▶ _Assigned task_:
The expected result is the full listing, retyped exactly, without a single picture.

▶ _Listed records_:
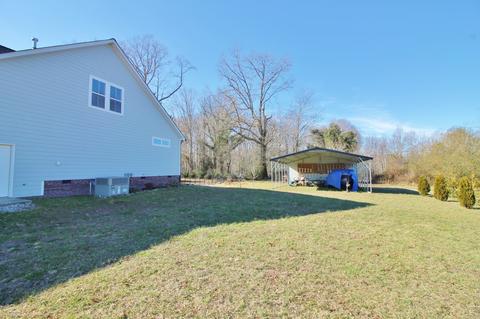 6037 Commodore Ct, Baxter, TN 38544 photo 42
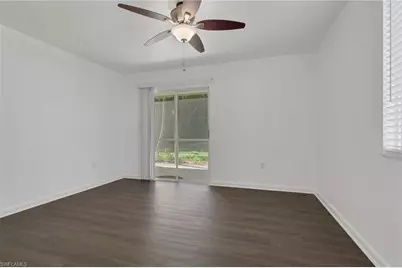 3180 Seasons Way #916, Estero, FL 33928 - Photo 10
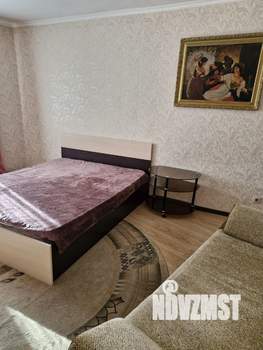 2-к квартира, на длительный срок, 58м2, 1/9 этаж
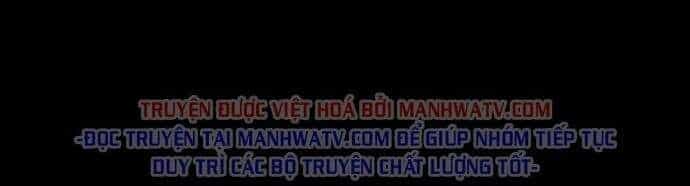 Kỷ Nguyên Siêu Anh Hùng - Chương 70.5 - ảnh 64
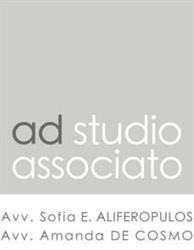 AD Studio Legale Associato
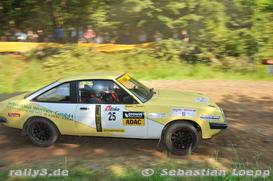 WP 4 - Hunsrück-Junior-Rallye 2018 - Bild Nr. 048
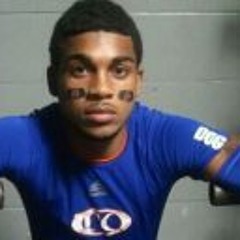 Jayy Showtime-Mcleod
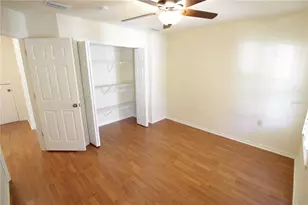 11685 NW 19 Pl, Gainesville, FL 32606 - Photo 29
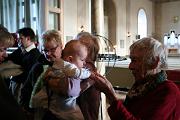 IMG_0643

▶ _Solution below_:
 6037 Commodore Ct, Baxter, TN 38544 photo 42
 3180 Seasons Way #916, Estero, FL 33928 - Photo 10
 2-к квартира, на длительный срок, 58м2, 1/9 этаж
 Kỷ Nguyên Siêu Anh Hùng - Chương 70.5 - ảnh 64
 AD Studio Legale Associato
 WP 4 - Hunsrück-Junior-Rallye 2018 - Bild Nr. 048
 Jayy Showtime-Mcleod
 11685 NW 19 Pl, Gainesville, FL 32606 - Photo 29
 IMG_0643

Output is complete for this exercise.